──────── Material for the task ────────

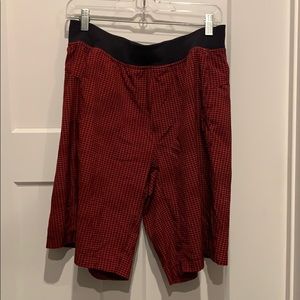 Lululemon core shorts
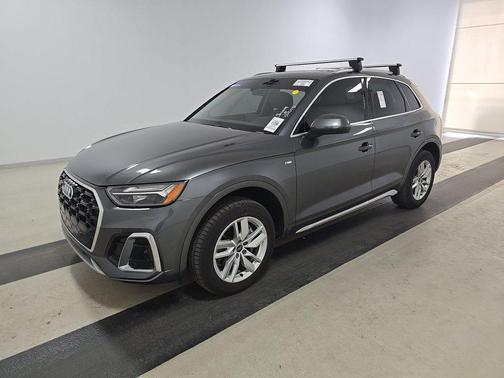 Daytona Gray Pearl Effect 2023 Audi Q5 S line Premium 45 TFSI quattro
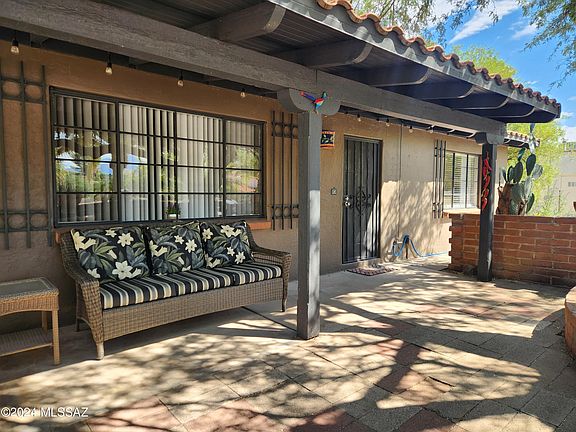 4th image of 415 E El Valle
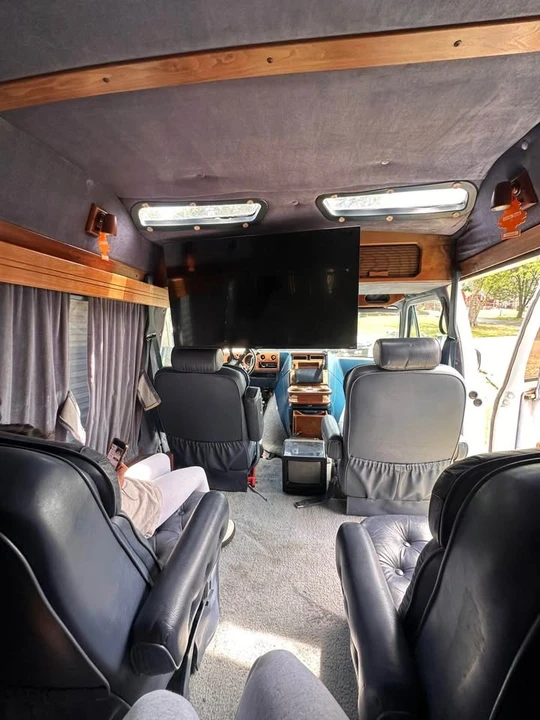 1990 GMC G-series Van - Image 7 of 8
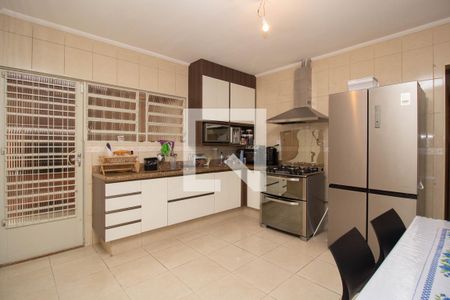 Casa à venda com 240m², 2 quartos e 2 vagas Casa à venda com 240m², 2 quartos e 2 vagasCozinha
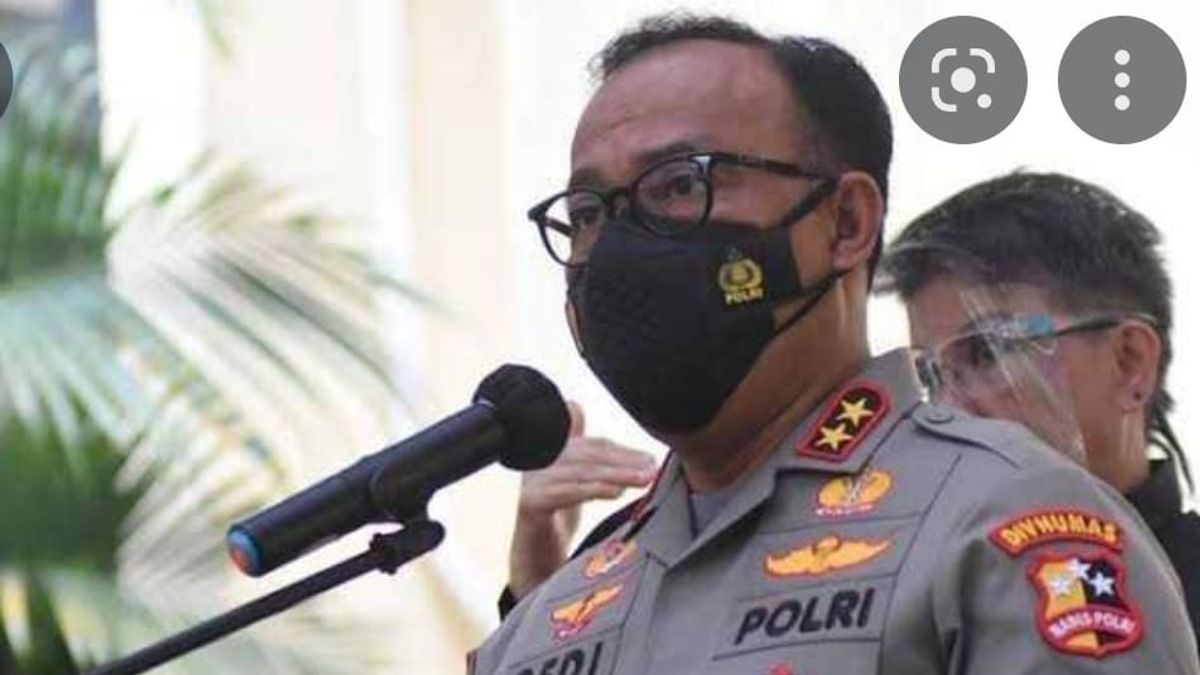 东爪哇地区警察解散UTBK SBMPTN骑师辛迪加，毕业41人，收入25亿
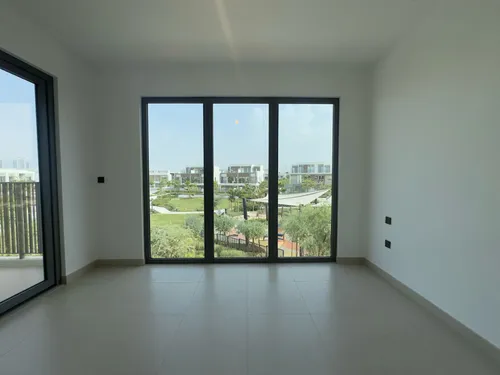 4 Bedrooms Villa in Aura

────────

*Exercise details*. Transcribe the listing above in full. Pictures are not part of the copy.

*Written response*.
 Lululemon core shorts
 Daytona Gray Pearl Effect 2023 Audi Q5 S line Premium 45 TFSI quattro
 4th image of 415 E El Valle
 1990 GMC G-series Van - Image 7 of 8
 Casa à venda com 240m², 2 quartos e 2 vagas Casa à venda com 240m², 2 quartos e 2 vagasCozinha
 东爪哇地区警察解散UTBK SBMPTN骑师辛迪加，毕业41人，收入25亿
 4 Bedrooms Villa in Aura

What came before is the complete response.